I was invited last week to listen to a professor of theology—quite famous for his Evangelical orthodoxy and at the same time his ecumenical openness. I was impressed. I was impressed by his tight case, his grasp of his opponents’ logical mistakes and unexamined assumptions. Overall, it was a marvelous ride for an overly educated Orthodox priest who mostly agrees and similarly wishes to resist the forces of religious indifferation. And as pleased as my intellect was by the thorough thrashing given to the religious pluralists, I walked away troubled at heart. I was troubled because I knew by experience that no proof is final. Medieval proofs for the existence of God are disproved by later philosophers whose proofs are again overturned by their followers’ followers: “Of making many books there is no end.” Heretics and gainsayers must be answered, and the answers, we seem to assume, must be in the common coin of the realm—reasoned argument. Nonetheless, there is a deceptive sense of self confidence that assaults my mind when I hear a good argument for “our side.”
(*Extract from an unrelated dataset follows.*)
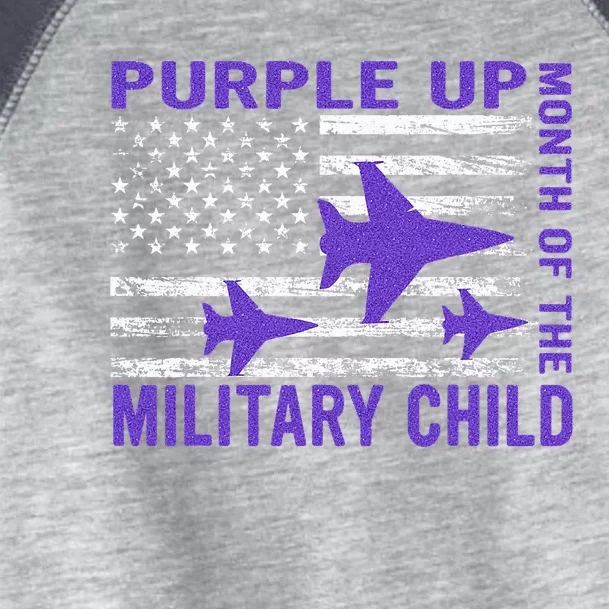 Purple Up Children's Costumes Military Children's Month American Flag Toddler Fine Jersey T-Shirt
This perhaps comes from the Kantian illusion blanketing our culture that differences really just boil down to lapses in clear thinking. And what is particularly ironic is that this good feeling of winning the debate comes even when “our side” seems to triumph by attacking the Enlightenment foundations of the opponent’s argument, without admitting its own enslavement to the very same paradigms. This is not to say that the “enlightened” rules of reasoning are inherently more or less evil than those of the Neo-Platonists or Medieval Scholastics; rather, it is to say that when push comes to shove, we must admit with the Apostle Paul that the message of the Cross is foolishness to those who are perishing. And any apologetic effort from St. Paul on Mars’ Hill and St. Justin Philosopher and Martyr all the way through Carl Olson’s and Sandra Miesel’s The Da Vinci Hoax, is just that: an apology, a defense, a proclamation, but not a proof. Yet I want a proof. I want to satiate my intellect in order to subordinate that part of my psyche that knows without knowing, that merely trusts the message heard, the Tradition handed down by faithful men and lived by the holy (the saints): I’m looking for Life in all the wrong places. Once the adrenaline that comes from a good argument dissipates, the heart is still left longing. I return to my icon corner and say my prayers—not very well at first, fighting the intrusion of “good points” and better counters. I stand there, restarting the Lord’s prayer for the third time, for I can’t even seem to get through the most basic prayer without distraction. “Lord have mercy. Lord have mercy. Lord have mercy. Lord have mercy.” Slowly I begin to recognize the joy-filled sadness gradually warming my heart. “Lord Jesus Christ, Son of God, have mercy on me the sinner…” And so I come home.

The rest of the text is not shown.